- Nina (l) and Charles Helou (r) at the Vatican

First Lady of Lebanon
- In role 23 September 1964 – 22 September 1970
- President: Charles Helou
- Preceded by: Zelpha Tabet
- Succeeded by: Iris Handaly

Personal details
- Born: Nina Trad 1904 Beirut, Beirut Vilayet, Ottoman Empire
- Died: 1989 (aged 84–85) Beirut, Lebanon
- Spouse: Charles Helou ​(m. 1952)​
- Relatives: Petro Trad (uncle)
- Alma mater: Saint Joseph University
- Occupation: Attorney

= Nina Helou =

Lebanese lawyer and former First Lady of Lebanon

Nina Michel Helou (نينا حلو; 1904–1989) was a Lebanese lawyer and former First Lady of Lebanon from 1964 to 1970. She was the second woman lawyer to be registered with the bar association of the Mandate for Syria and Lebanon, during French administration. Her practice was mainly focused on women and women's issues. Marrying a fellow lawyer, she was the first woman to serve on the Beirut City Council. In 1964, Helou became the First Lady of Lebanon and during her tenure, she oversaw the completion of the Baabda Palace and the renovation of the Beiteddine Palace, as well as a city-wide beautification project. She was also devoted to social welfare programs and charitable organizations, particularly the Lebanese Red Cross.

==Early life==
Nina Trad was born in 1904 in Beirut, capital of the Beirut Vilayet, Ottoman Empire to Michel Trad and his Colombian-born Lebanese wife. She was the niece of Petro Trad, who served as President of the French Mandate of Lebanon in 1943. Attending law school at the Jesuit School of Law, Trad met Charles Helou, another student in the law faculty. She graduated in 1931 with Blanche Ammoun, though Ammoun did not ever practice law.
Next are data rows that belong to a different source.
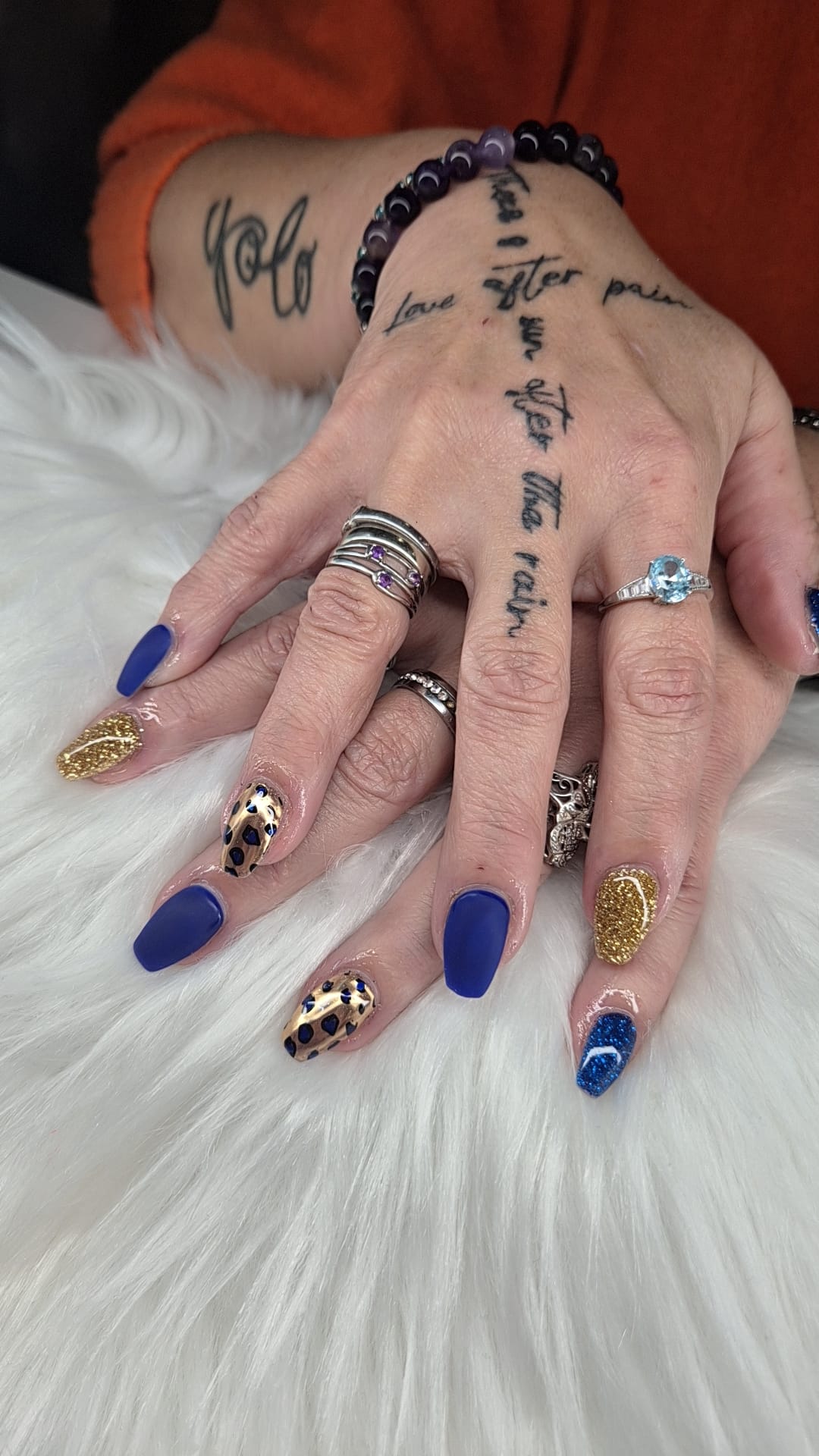 Blauwe, gouden en panterprint nagels op een witte vacht
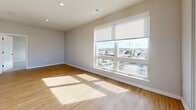 Located at 7831 E Union Ave in Denver, CO, this modern 2-bedroom, 3-bathroom residence offers a thoughtfully designed single-floor layout with a clean, contemporary aesthetic throughout. Light-toned luxury vinyl plank flooring flows through the main living areas, complemented by neutral walls and crisp white trim with sleek black hardware accents.

The open-concept kitchen, dining, and living area serves as the heart of the home. The kitchen is outfitted with white shaker cabinetry, subway tile backsplash, warm wood open shelving, a large center island with quartz countertops, stainless steel appliances, and stylish globe pendant lighting. A barn-style door adds a distinctive design touch nearby.

The primary bedroom is generously sized, featuring plush carpet, a ceiling fan, and a large window with panoramic views of the Denver skyline. It connects to a private en-suite bathroom with a dual-sink vanity, white cabinetry, and a glass-enclosed walk-in shower, plus a spacious walk-in closet with wrap-around hanging rods. The second bedroom is bright and well-proportioned, also with carpet flooring and a large window flooding the room with natural light. Additional spaces include a versatile den, a dedicated laundry room, a utility room, a hallway, and four closets offering ample storage throughout.
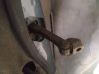 Rear door check strap stopper 
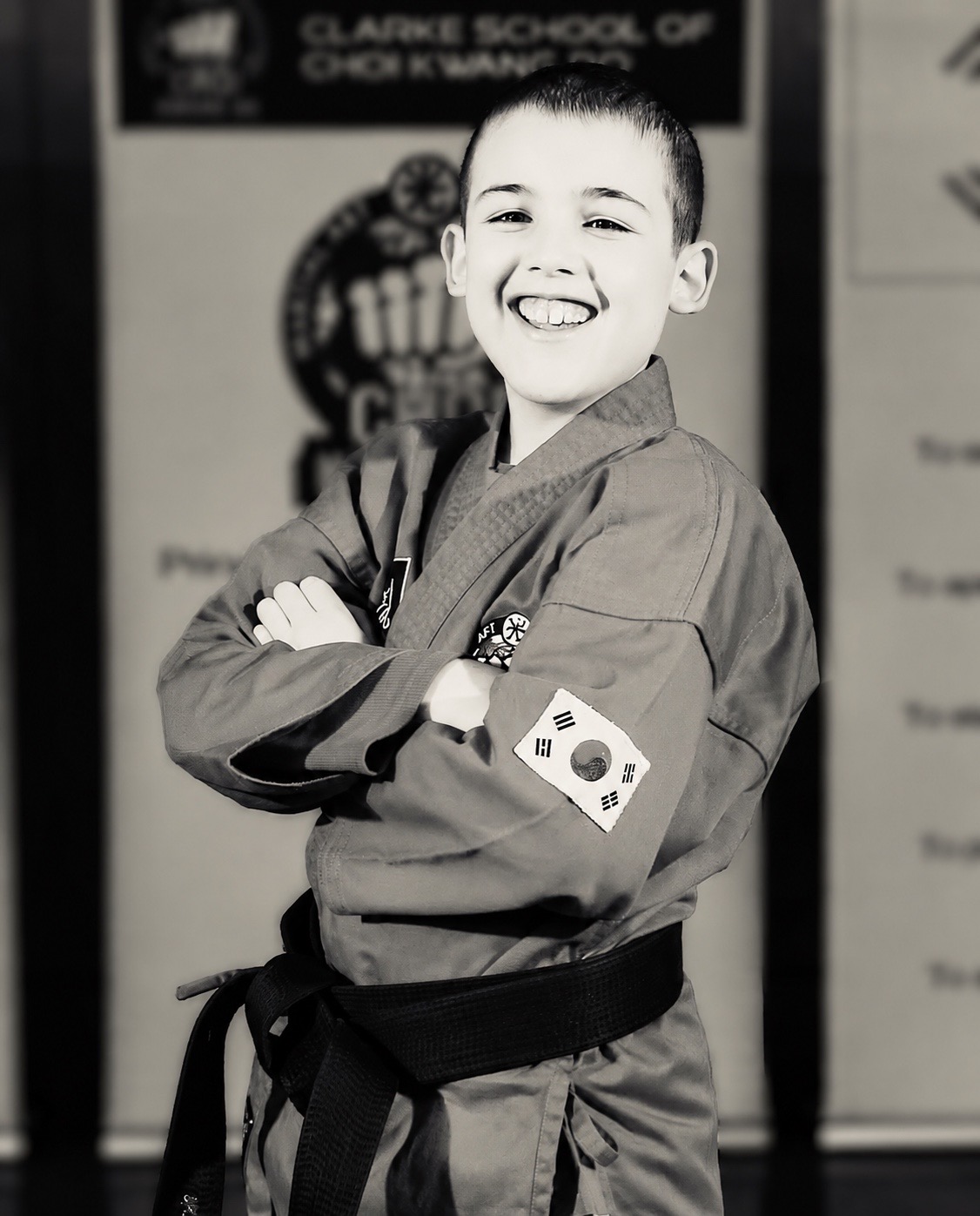 Children practising martial arts in a clean dojo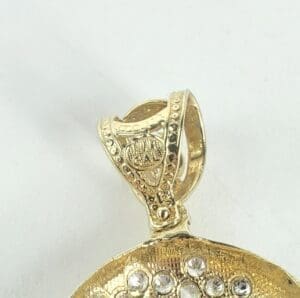 Gold pendant with intricate design and stones.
Later that year, on 7 October 1931, Paulette Ameslend Tamer, a French national, became the first woman to register with the bar association of the French Mandate of Lebanon. Trad was admitted to the bar on 6 January 1932, becoming its second woman member.

==Career==
After joining the bar, Trad began working in her uncle Petro Trad's law firm. She focused her practice on helping Lebanese women with legal issues. Helou joined the firm when he completed his studies and they began both a working and romantic relationship. They prepared cases together and jointly pleaded them in 1940 for the French military tribunals. Though Helou's family did not support the relationship, in part because Trad was 9 years older than he was, the couple married in 1952. Even after her marriage, Trad-Helou continued her legal practice. In addition, she was involved in many humanitarian organizations and women's rights organizations, like the Lebanese Red Cross and various women's associations which focused on the needs of women and children. She was the founder and inaugural president of the University Women's Association of Lebanon.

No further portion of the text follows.